The pro-Obama group Catholics United decided last week to take another step to deliver a petition signed by some 5,000 people to the Archbishop of Boston, Cardinal Sean O'Malley, but its fate remains uncertain. The petition requests that the archdiocese allow the enrollment of children from gay couples in Catholic schools without any limitations or vetting process.
Catholics United announced a petition drive two weeks ago that demanded Cardinal O'Malley "not to allow discrimination in his Catholic schools on the basis of the lifestyles of students' parents."
The group announced that the petition was delivered almost immediately after St.

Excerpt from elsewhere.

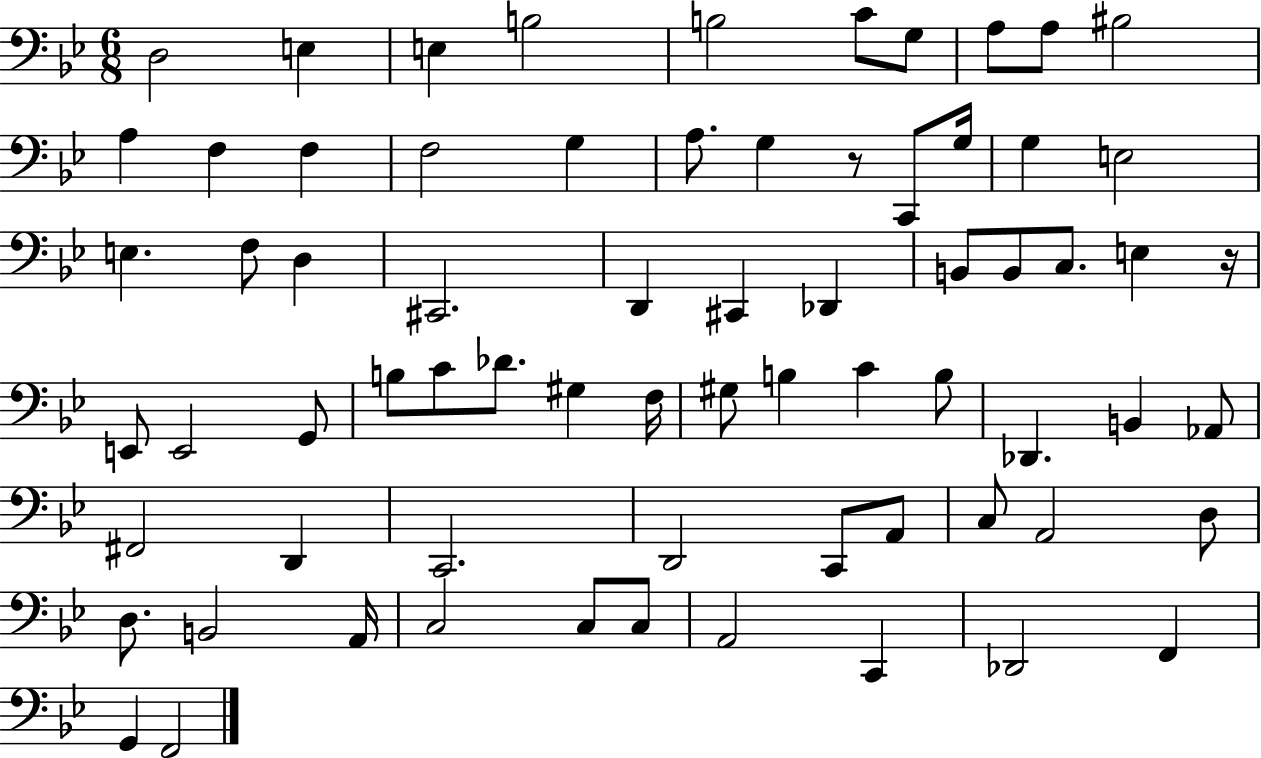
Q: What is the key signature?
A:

Paul Elementary School in Hingham, Mass. denied admission to an 8-year-old boy being raised by a lesbian couple.
But despite the public announcement of the delivery, the official archdiocesan newspaper The Pilot reported that the Catholics United petition never reached the archdiocese.
After the non-delivery was made public, Catholics United, which is based in Washington D.C., requested three of its members living in Boston (Joe Betz, Phil George and Larry Kessler) to personally deliver the signatures to the archdiocesan offices and take pictures of themselves at the entrance of Boston’s pastoral center.
In a press release sent to CNA, James Salt said that Catholics United members expressed their concerns “to an archdiocesan canon lawyer, who agreed to present the petition to Cardinal O'Malley on their behalf.”
Salt sent the press release to CNA from a Blackberry “powered by CREDO Mobile,” a company that trumpets its support for progressive causes and has donated over 65 million dollars to organizations such as Planned Parenthood and Greenpeace.
The statement added that Catholics United "will continue to circulate its petition until the archdiocese adopts a clear non-discrimination policy for its Catholic schools."
Nevertheless, the effectiveness of Catholics United's pressure campaign remains in doubt.
Terry Donilon, Secretary for Communications of the Archdiocese of Boston, informed CNA on May 28 that he is in possession of the petition to Cardinal O'Malley.
In response to a question about what influence the petition might have on the forthcoming policy, Donilon said that “the recent statements by the Cardinal and Dr. Grassa O’Neill addressing the matter noted that we expect a policy to be established in the near term in order to provide guidance for pastors and schools going forward.”
“We hope to be able to report on the progress of this effort in the weeks ahead.”